Não podemos continuar indiferentes à produção, venda e uso de armas de todos os tipos, no mundo de hoje. Tem que haver uma maneira de reconhecer que uma arma não tem outro propósito senão ferir ou destruir a vida de um organismo vivo, na maioria das vezes uma pessoa humana. Não podemos ver o talento de tantos jovens desperdiçado enquanto vivem nas ruas e lutam para entrar em gangues que, por crueldade e desespero, destroem a vida de seus membros e de outras pessoas que se interpõem em seu caminho. Não podemos fechar o coração às crianças que são obrigadas a crescer em campos de refugiados ou à beira de rios secos, sem nada para comer e nada para beber e com vidas que duram apenas alguns dias. Para todos com o tipo de compromisso e sensibilidade que construirão um mundo justo e pacífico, Laudato si. Louvado seja Deus! Louvado seja nas nossas vidas e em todas as nossas ações voltadas para a construção do mundo que Deus preparou para nós.
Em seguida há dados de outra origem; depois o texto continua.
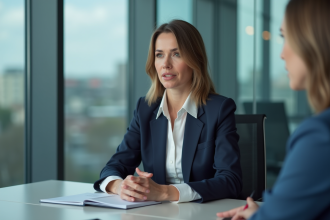 Femme confiante en costume dans une salle de réunion moderne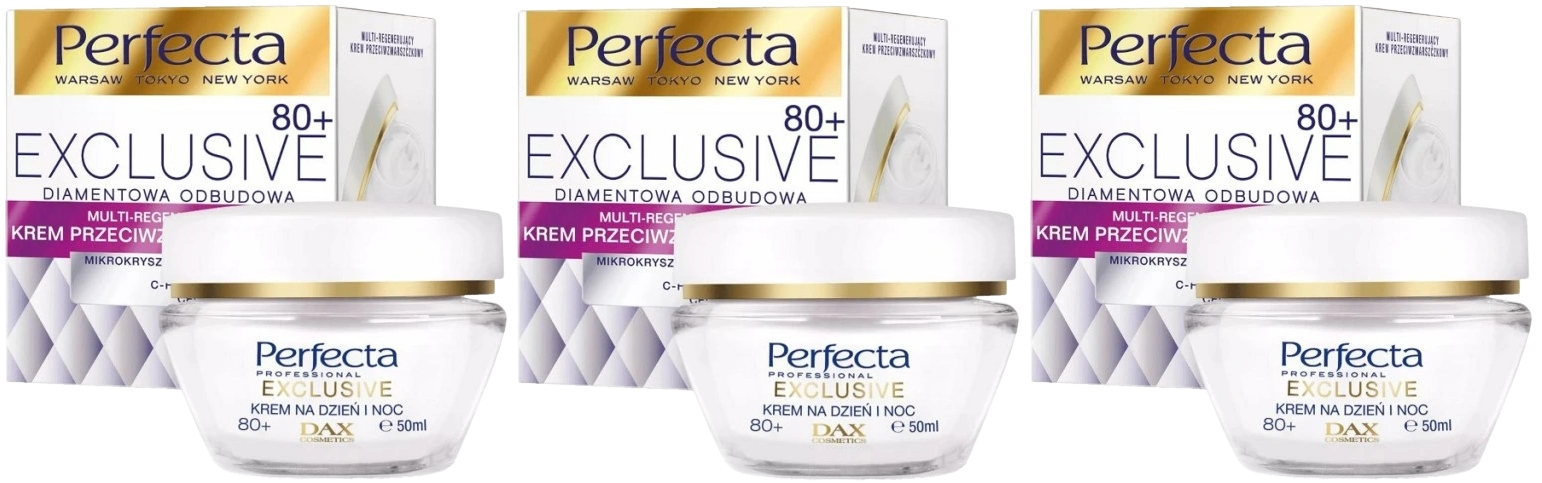 3 x Perfecta Exclusive krém 80+ 50 ml Zralá pleť Vrásky Vitamín C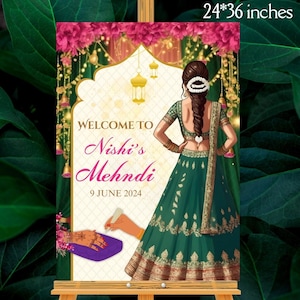 Bestseller Mehndi Welcome Sign for Mehendi Night, Mehendi Welcome Signboard for your Mehendi, Mehndi Entry Sign, Bride's Heena Ceremony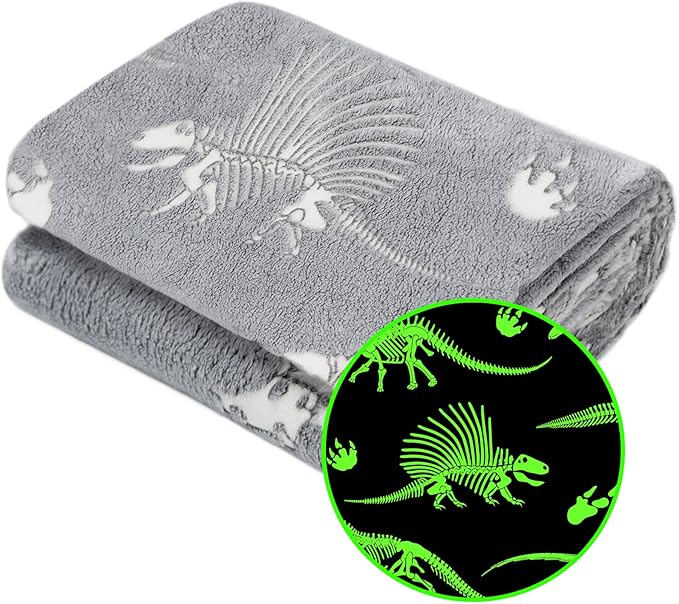 Glow in The Dark Blanket Dinosaur Throw Blanket for Boys Kids Soft Warm Cozy Cute Dino Blanket Unique Dinosaurs Toys Gifts Gray Glowing Dinosaur Room Decor Blankets for Girls Teens 50"x60"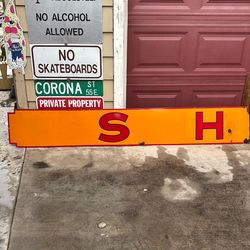 City porcelain sign gas and oil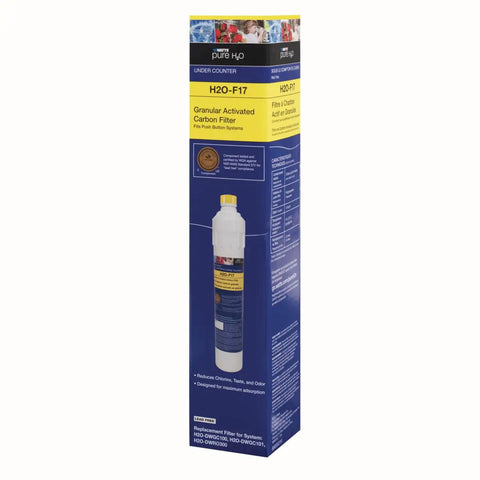 Box of GAC Carbon Filter Replacement For Under Counter Water Filtration Systems H2ODWGC100 H2ODWGC101 H2ODWRO300 with push button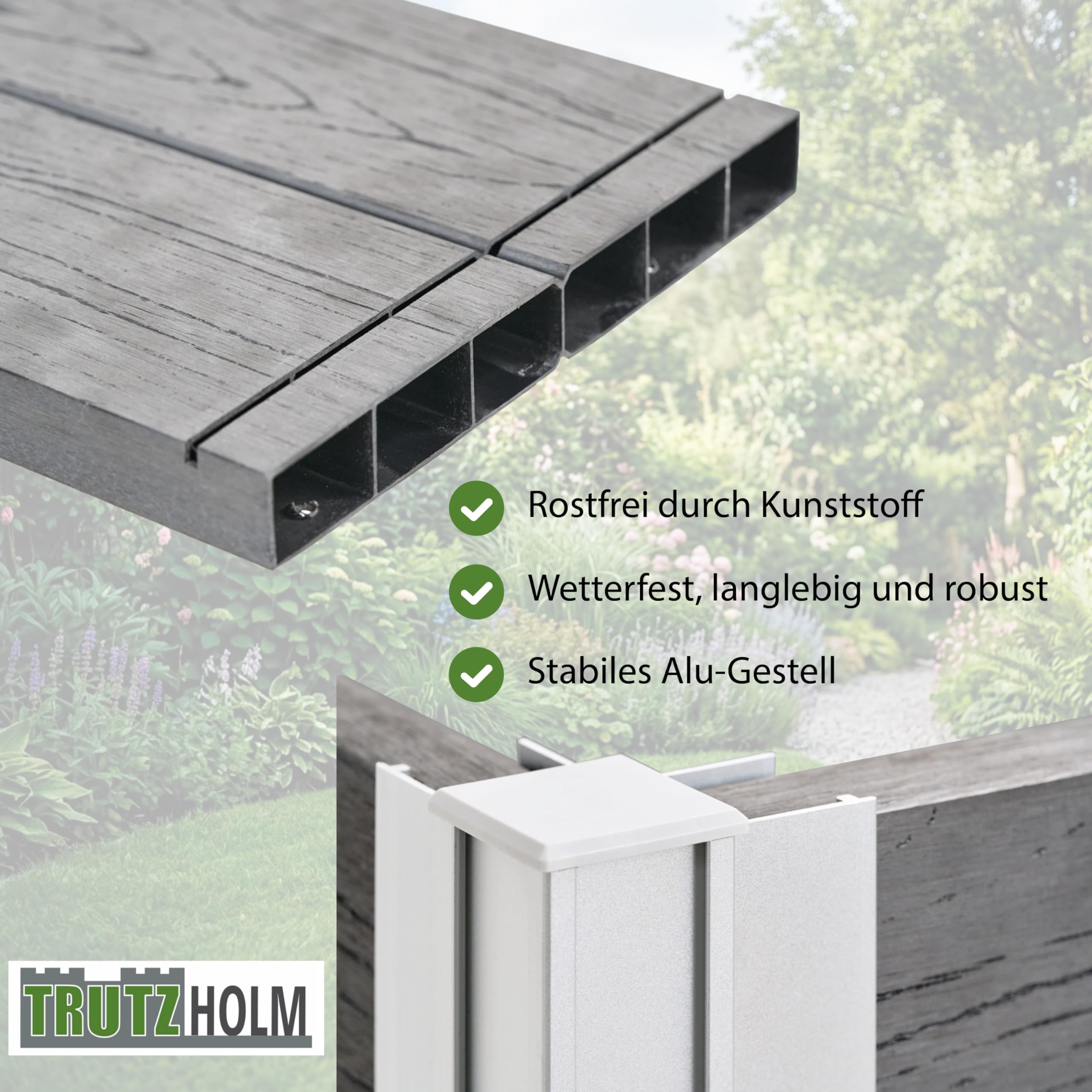TRUTZHOLM Hochbeet mit Mährobotergarage 2in1 Holzoptik 73x79x56 cm Rasenroboter Garage Pflanzkasten anthrazit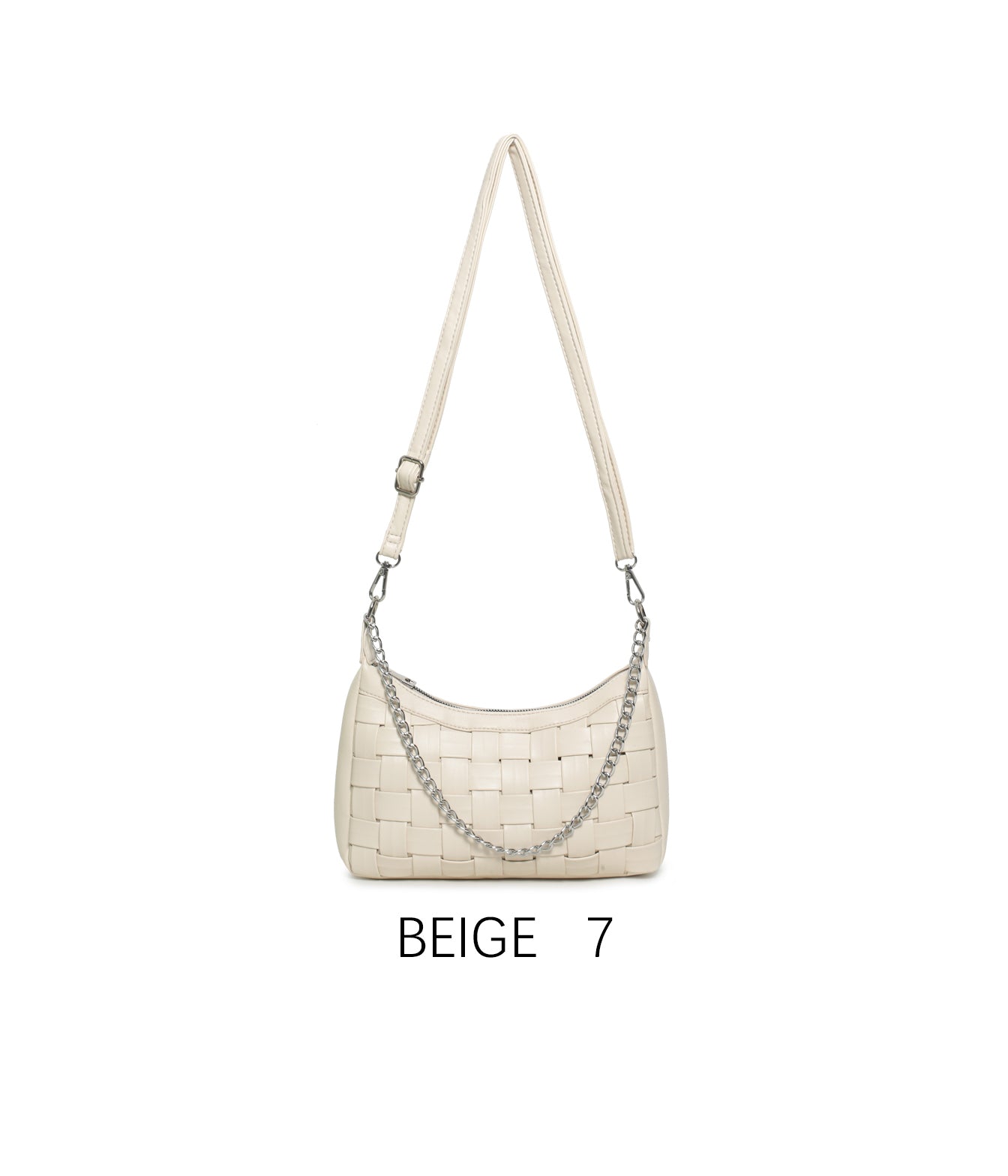 Borsa a spalla intrecciata con catena, tracolla regolabile Beige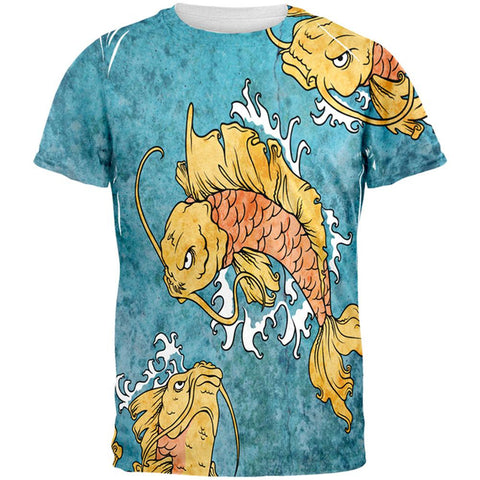 Japanese Koi Fish Tattoo Style All Over Adult T-Shirt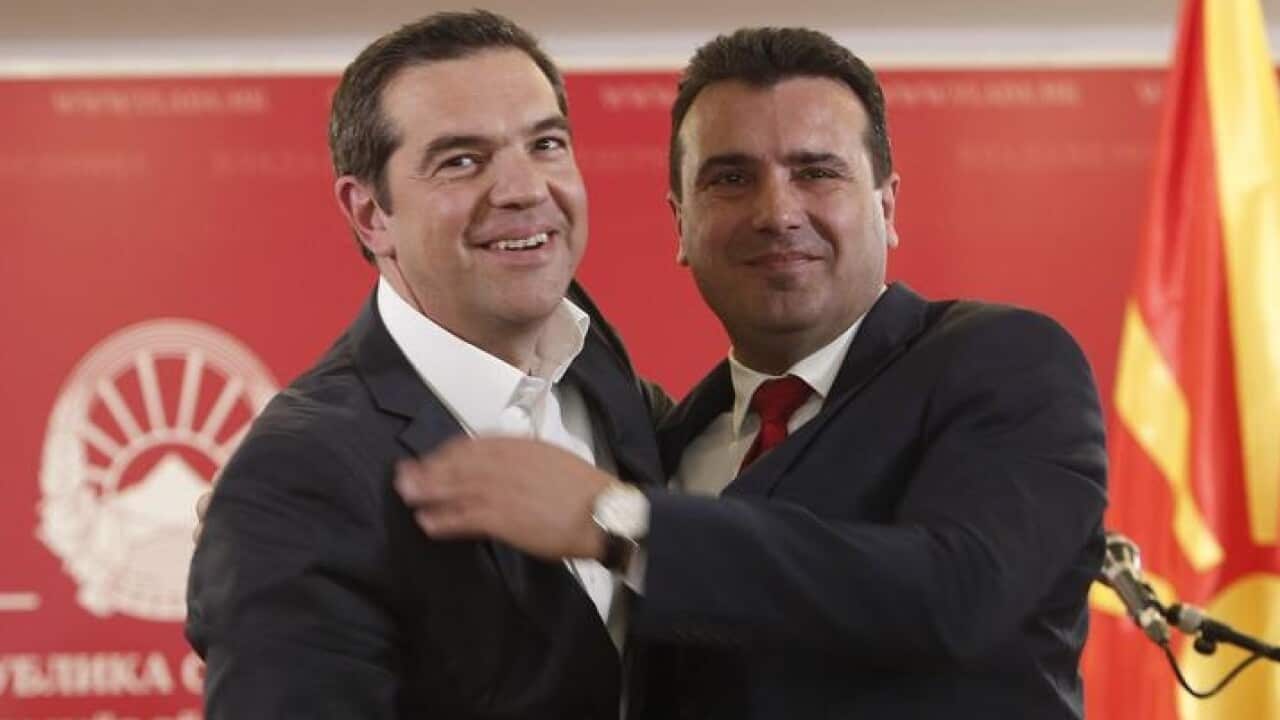 Greek Prime Minister Alexis Tsipras and North Macedonia's Zoran Zaev.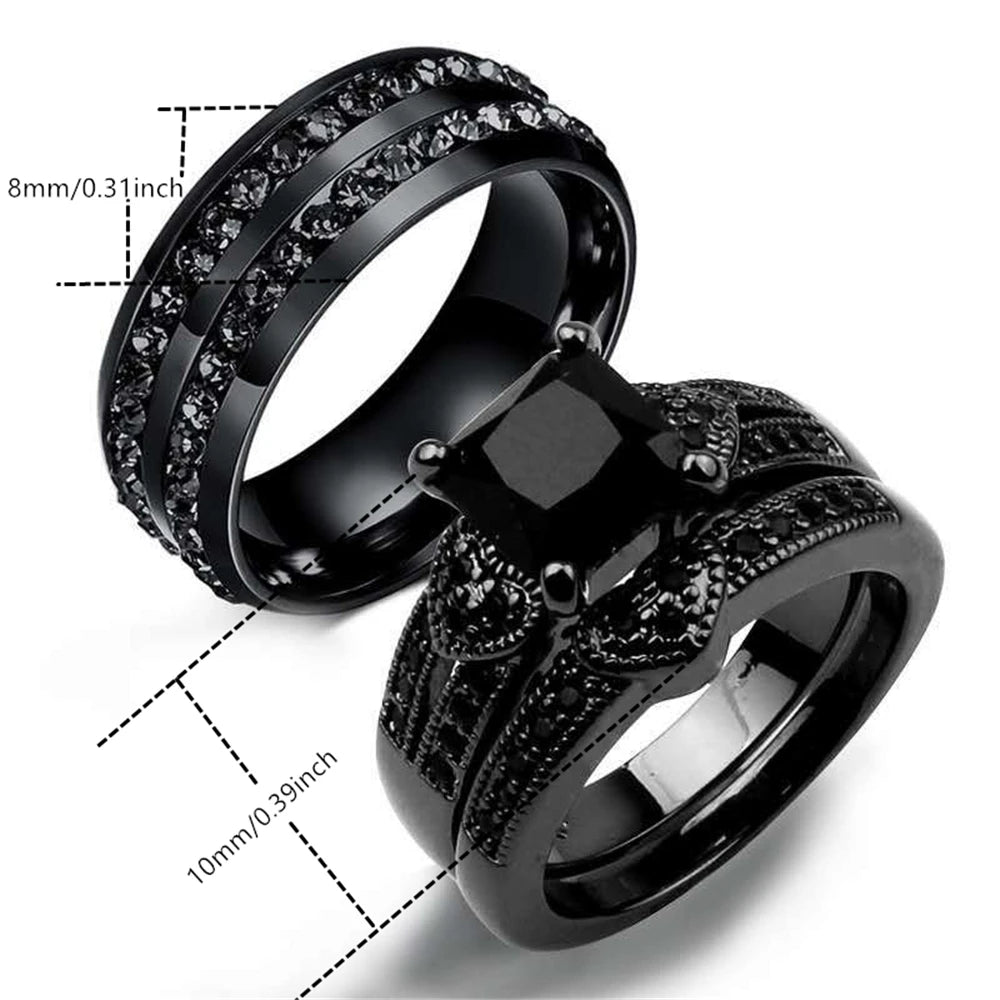 Black Zircon Couple Ring Set – Stainless Steel Men's Band & Heart Women’s Wedding Jewelry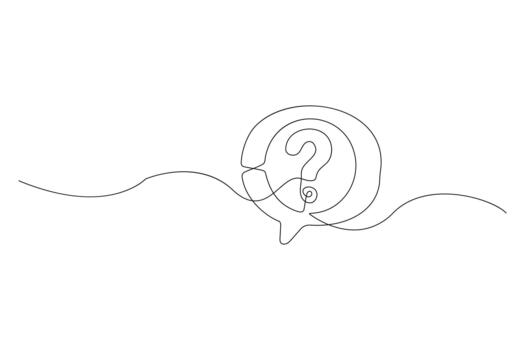 Continuous line art drawing of question mark inside speech bubble concept vector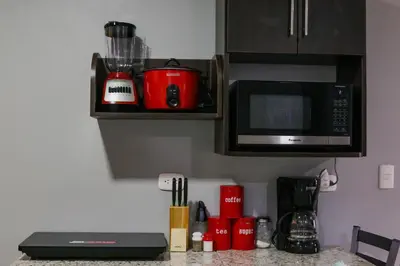 a kitchen counter with a microwave and a coffee maker at Casa Suculenta ,Monteverde con Jacuzzi Privado y Lavandería in Monteverde Costa Rica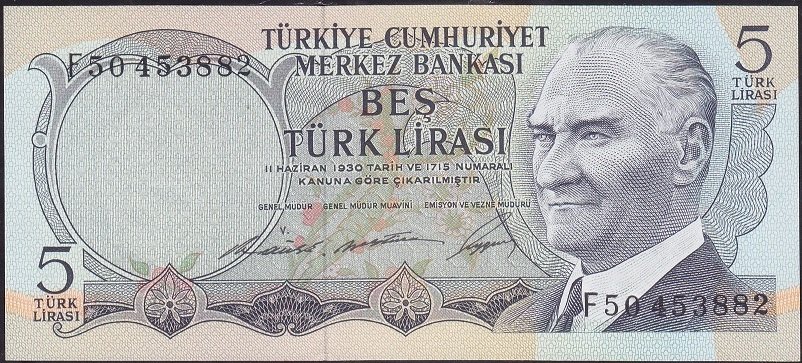 6.Emisyon 1.Tertip 5 Lira F50 453882 Çil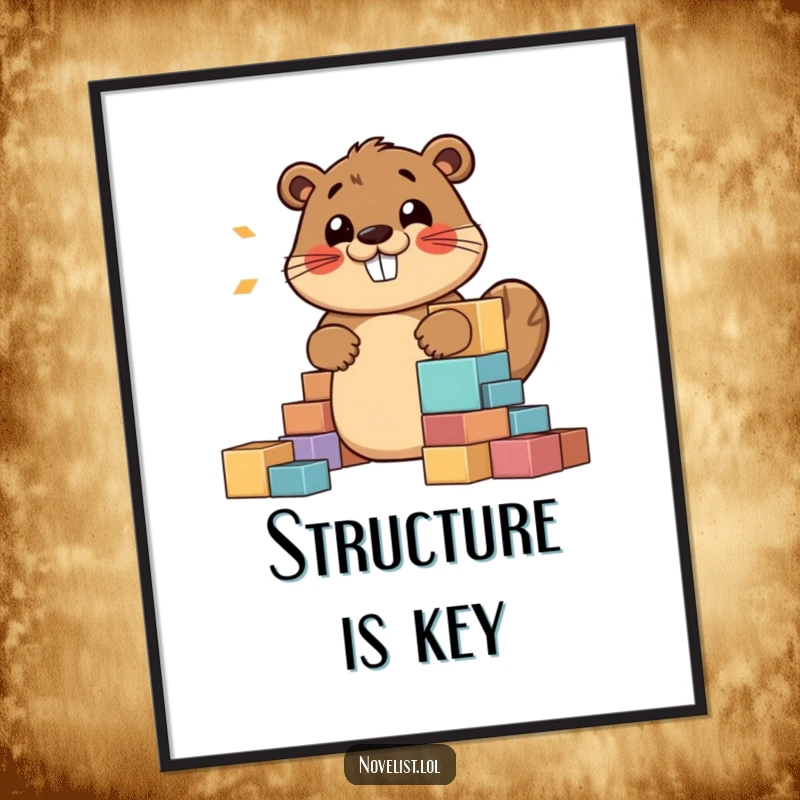 Funny poster art of a jovial beaver happily constructing a story with building blocks, emitting a cheerful hum, ideal wall decor for creatives.
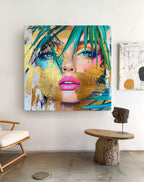Golden Tropical Woman Portrait Oil Painting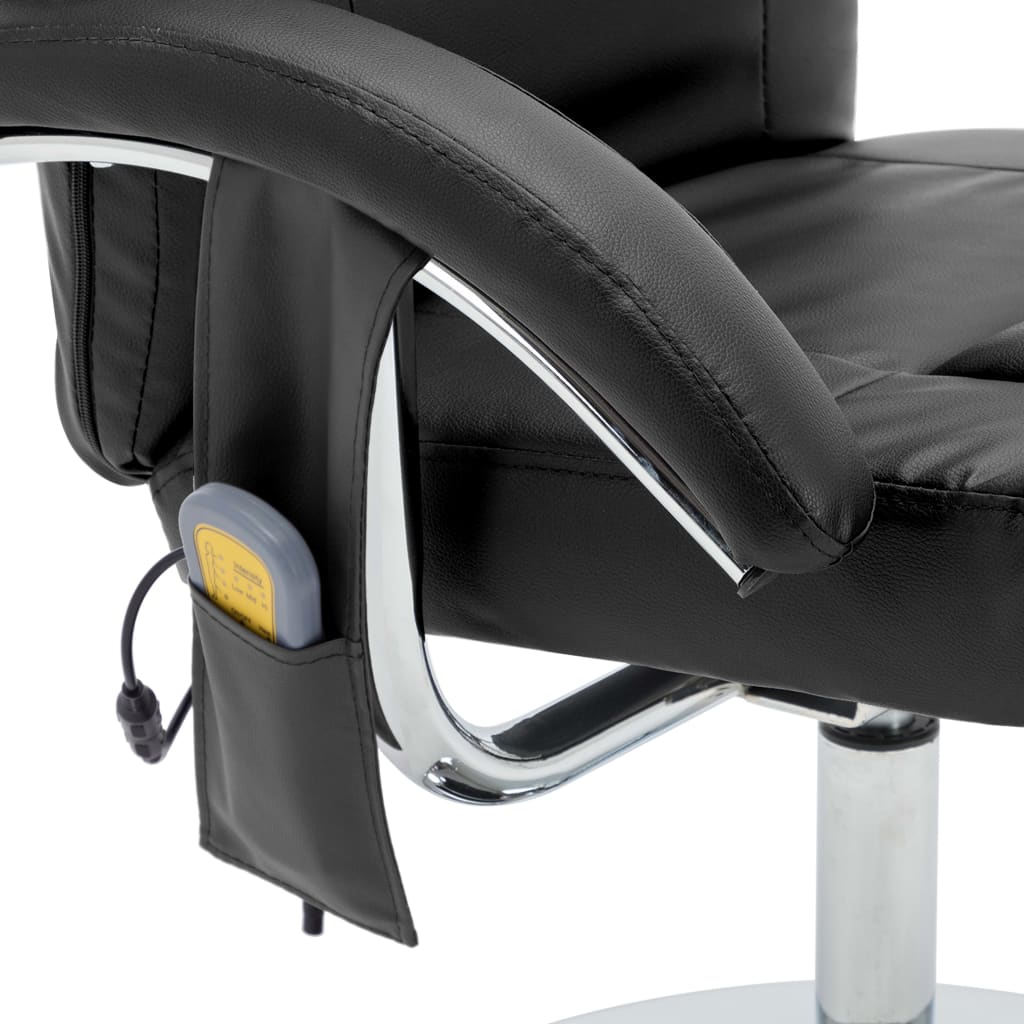 Massagesessel mit Fußhocker Schwarz Kunstleder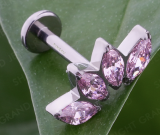 Cascata com 4 zircônias Pink titanio 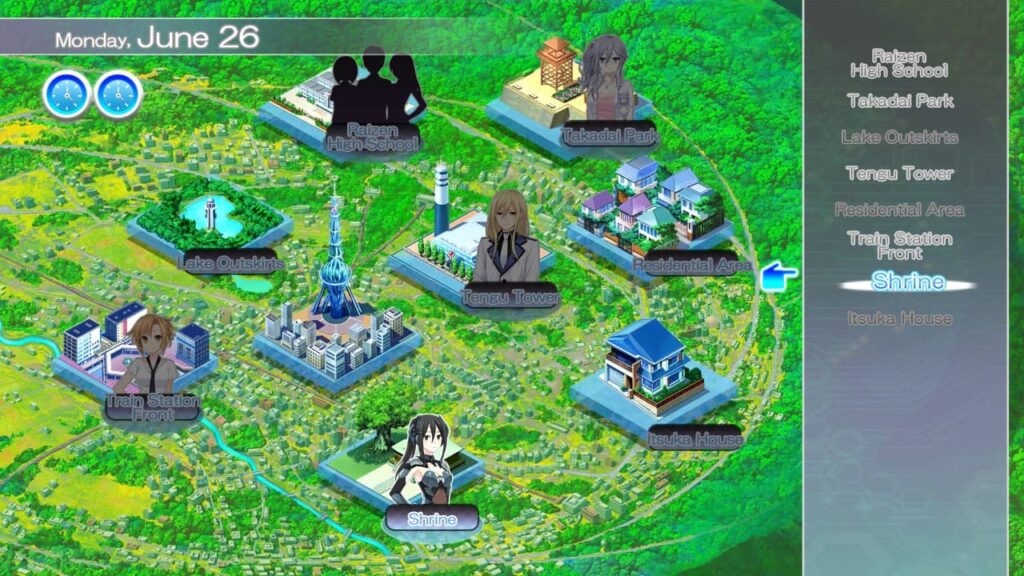 Date A Live - mapa s vedlejšími postavami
Para o conseguir, Deus continuará sempre como aquele que «faz maravilhas com o seu braço: dispersa os soberbos de coração, derruba os poderosos dos seus tronos e exalta os humildes, enche de bens os famintos e despede os ricos de mãos vazias».
Que estes dias de festa sejam uma inspiração para todos nós fazermos tudo o que pudermos, sabendo que se fizermos mais, o Senhor nos recompensará em seu retorno.
Nossa Senhora do Carmo, rogai por nós.